• [Aim of the exercise]: Would you return the lines between the one holding "CHEMISE EXACOMPTA RABAT" and the one holding "the girl at", inclusive, and only those, exactly as they stand in the listing below?

• [Information given]:
+++
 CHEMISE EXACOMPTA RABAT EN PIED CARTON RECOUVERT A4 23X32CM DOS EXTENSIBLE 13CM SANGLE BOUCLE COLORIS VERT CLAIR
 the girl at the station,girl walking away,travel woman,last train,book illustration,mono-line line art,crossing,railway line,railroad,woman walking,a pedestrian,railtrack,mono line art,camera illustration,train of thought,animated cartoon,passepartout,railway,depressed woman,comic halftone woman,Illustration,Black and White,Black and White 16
+++
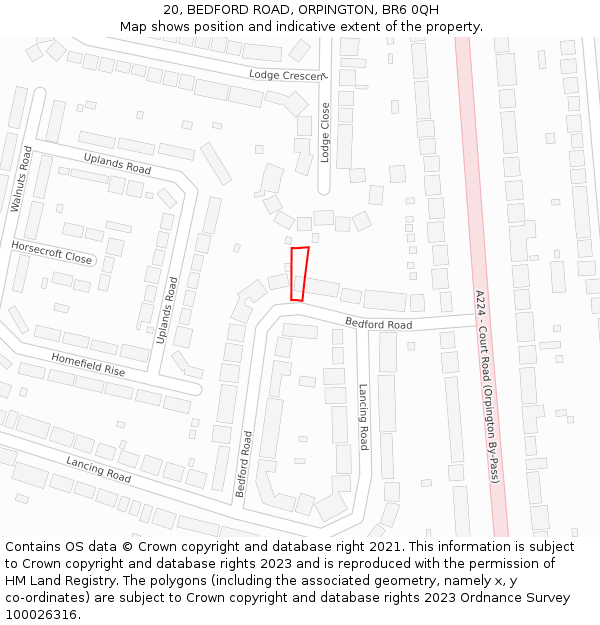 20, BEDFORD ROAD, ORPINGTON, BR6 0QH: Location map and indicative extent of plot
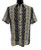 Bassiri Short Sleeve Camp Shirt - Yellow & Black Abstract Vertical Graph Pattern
+++
• [Your response]:
 CHEMISE EXACOMPTA RABAT EN PIED CARTON RECOUVERT A4 23X32CM DOS EXTENSIBLE 13CM SANGLE BOUCLE COLORIS VERT CLAIR
 the girl at the station,girl walking away,travel woman,last train,book illustration,mono-line line art,crossing,railway line,railroad,woman walking,a pedestrian,railtrack,mono line art,camera illustration,train of thought,animated cartoon,passepartout,railway,depressed woman,comic halftone woman,Illustration,Black and White,Black and White 16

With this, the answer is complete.